Enfin, le taux socio-professionnel alloué à l’assuré doit être proportionnel à son taux d’incapacité partielle permanente.
En l’espèce, il est rapporté que monsieur [W] [R] a été embauché à seulement 30 ans sur un poste de responsable d’un service informatique avec pour mission d’assurer le maintien opérationnel et la sécurité du parc informatique d’une entreprise de plus de mille salariés, filiale d’un groupe comptant 4 500 salariés.
Or, suite à son AVC, il a été licencié en date du 14 juin 2022 pour inaptitude avec impossibilité de reclassement au sein de l’entreprise et le centre de ressources pour personnes cérébrolésées affirme la nécessité d’une réorientation professionnelle dans son courrier du 19 mars 2024 lequel précisant « Il ne se sent pas en capacité de reprendre un poste d’informaticien et en effet les difficultés attentionnelles ne semblent pas compatibles avec ce type de poste. Il a expérimenté l’utilisation de l’ordinateur qui est très couteuse pour lui ».
A l’audience, il confirme avoir réalisé un bilan de compétence et déclare « L’informatique c’est fini ». Ceci nécessitera de sa part un investissement très important malgré les troubles susmentionnés pour développer de nouvelles compétences dans la mesure où ses compétences actuelles sont circonscrites à l’informatique, monsieur [W] [R] étant titulaire d’une licence professionnelle dans ce domaine.
Enfin, il apparait que les 3% attribués par la caisse primaire d’assurance maladie de la Haute-Garonne s’avère non proportionné au taux médical réévalué.

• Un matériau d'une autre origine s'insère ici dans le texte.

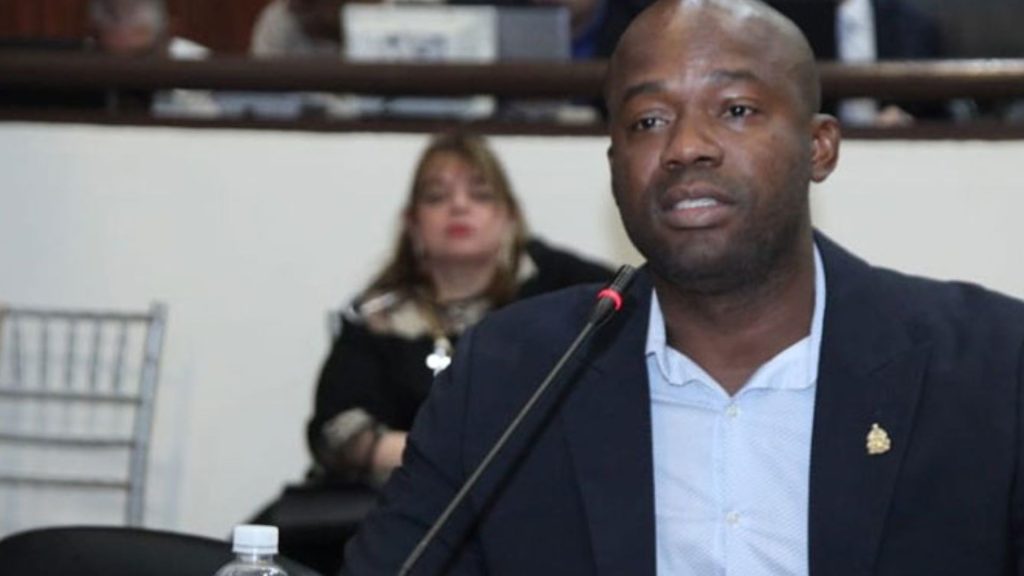 Imagen de cuerpo de nota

Par conséquent, il convient d’attribuer à monsieur [W] [R] un taux socio-professionnel de 10% en lieu et place des 3 % initialement alloués.
3. Sur les dépens :
La caisse primaire d’assurance maladie de la Haute-Garonne, succombant, les dépens seront supportés par cette dernière sur le fondement des dispositions de l’article 696 du Code de procédure civile.
PAR CES MOTIFS :
Le tribunal judiciaire, pôle social, statuant publiquement, par jugement contradictoire et en premier ressort,
INFIRME la décision rendue par la commission médicale de recours amiable du 20 mars 2024 relative au taux d’incapacité partielle permanente alloué à monsieur [W] [R] ;
FIXE le taux d’incapacité partielle permanente de monsieur [W] [R] à hauteur de 50 % dont 10 correspondent au taux socio-professionnel ;
DEBOUTE les parties de leurs demandes plus amples et contraires ;
CONDAMNE la caisse primaire d’assurance maladie de la Haute-Garonne aux entiers dépens et les frais de consultation à la charge de la [2] ;
Ainsi jugé et mis à disposition au greffe du tribunal le 15 décembre 2025, et signé par le président et la greffière.